Detailed Explanation

Tap terms for definitions

01Background & Problem Definition

🍞 Top Bread (Hook): You know how when you make a movie with friends, you first agree on the story and the scenes, and only later worry about costumes and tiny props? Planning first makes everything smoother.

🥬 Filling (The Actual Concept):

What it is: Video generation is when a computer makes a moving picture from instructions, like a text prompt.
How it works: Step 1) The computer learns patterns from lots of videos. Step 2) Given a prompt, it imagines a rough plan. Step 3) It fills in the details frame by frame. Step 4) It renders pixels you can watch.
Why it matters: Without good planning, the video can look confused: characters change clothes, backgrounds flicker, and long stories drift off-course.

🍞 Bottom Bread (Anchor): If you ask for “a kite flying over the beach at sunset,” good video generation keeps the same beach and the same kite across the whole clip, not a new kite every second.

🍞 Top Bread (Hook): Imagine cleaning a foggy window a little at a time until the view is clear.

🥬 Filling (The Actual Concept):

What it is: A diffusion model is a method that starts from noise (static) and gradually removes it to reveal a clear image or video.
How it works: 1) Add noise during training to learn how to undo it. 2) At generation time, start with noise. 3) Repeatedly denoise with a learned model. 4) End up with a clean result.
Why it matters: If the model can’t undo noise steadily, the video looks muddy or inconsistent.

🍞 Bottom Bread (Anchor): Starting from TV static, the model “unfogs” until you see a person riding a bike along a road, just like the prompt.

🍞 Top Bread (Hook): Think of a photocopier that makes a small, smart summary of a page so you can quickly store and share it.

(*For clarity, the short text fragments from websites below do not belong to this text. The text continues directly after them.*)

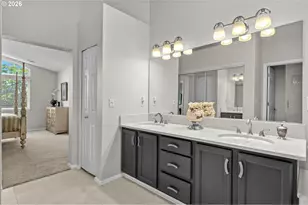 9645 NW Silver Ridge Loop, Portland, OR 97229 - Photo 16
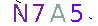 ValidateCode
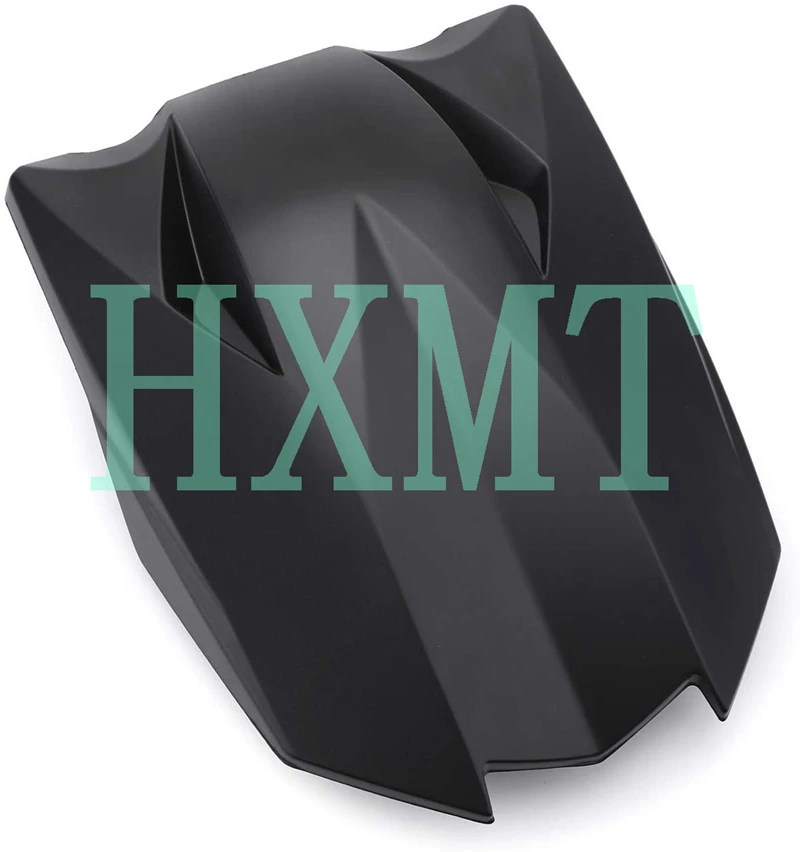 61vyJmPsC-L._AC_SL1500_
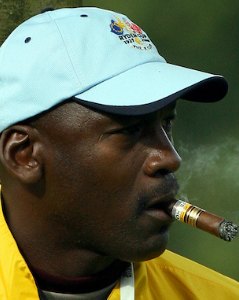 michael-jordan-birthday-50.jpg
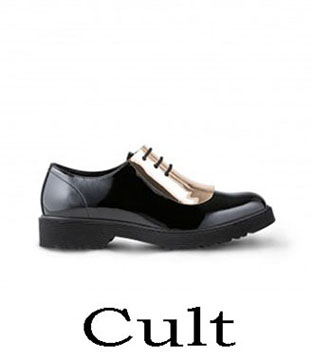 Cult Shoes Fall Winter 2016 2017 Footwear For Women 39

🥬 Filling (The Actual Concept):

What it is: A Variational Autoencoder (VAE) turns big videos into smaller “latent” codes and back again.
How it works: 1) The encoder squashes pixels into compact latents. 2) A generator learns patterns in those latents. 3) The decoder turns latents back into video frames.
Why it matters: Working in the smaller latent space is faster than pushing around millions of raw pixels.

🍞 Bottom Bread (Anchor): Instead of editing a huge 4K film reel directly, you edit a neat summary that can still reconstruct the full movie.

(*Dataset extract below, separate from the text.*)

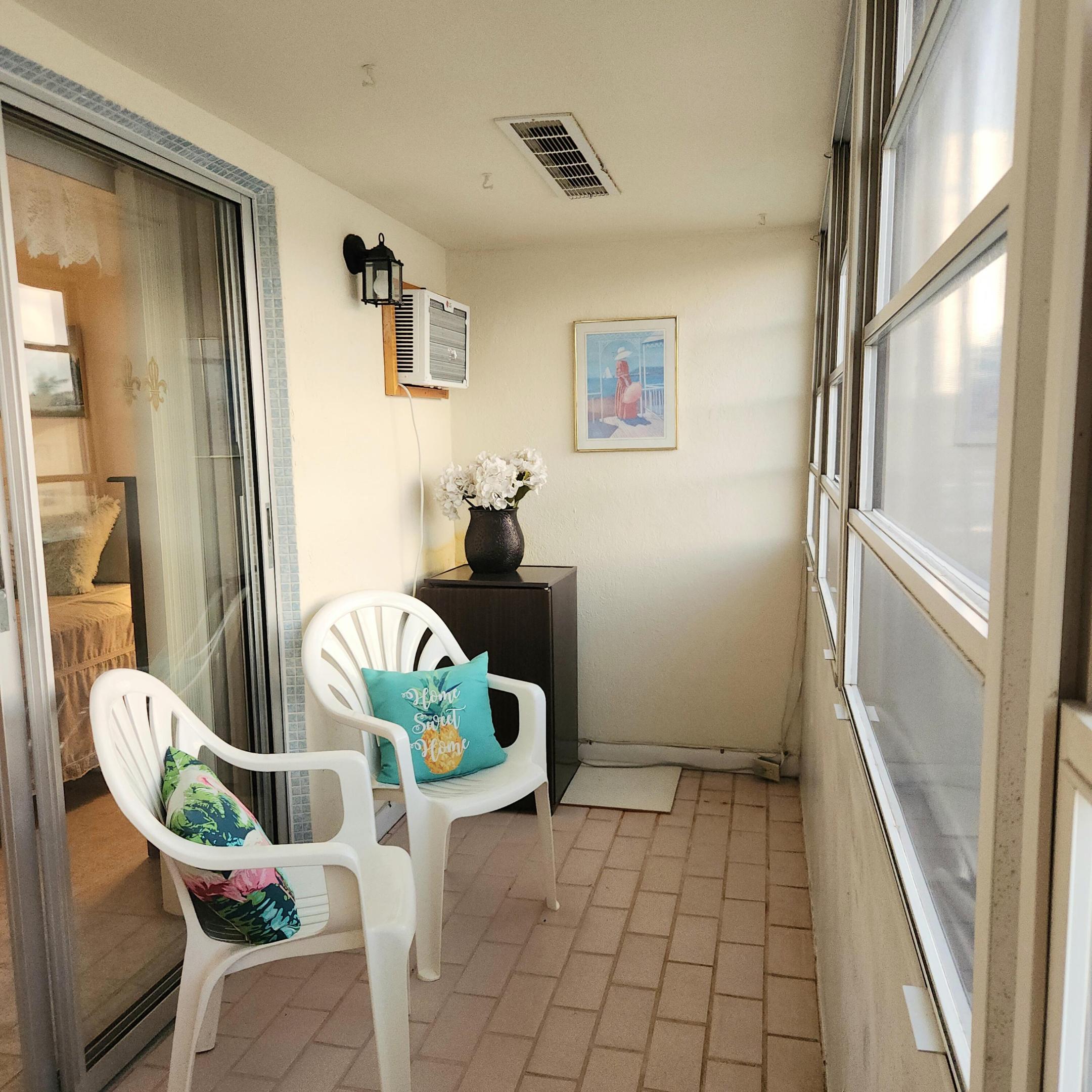 Century Village - Residential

🍞 Top Bread (Hook): Imagine a cartoon storyboard that shows the main characters, where they stand, and how they move—without tiny textures yet.

🥬 Filling (The Actual Concept):

What it is: Semantic representation is a compact description of what’s happening—who, where, how they move—without every pixel detail.
How it works: 1) A semantic encoder watches frames at low fps. 2) It makes tokens that capture layout, objects, and motion. 3) These tokens are small but meaningful.
Why it matters: If you try to plan with all pixels at once, you get overwhelmed and slow; semantic summaries let you plan globally first.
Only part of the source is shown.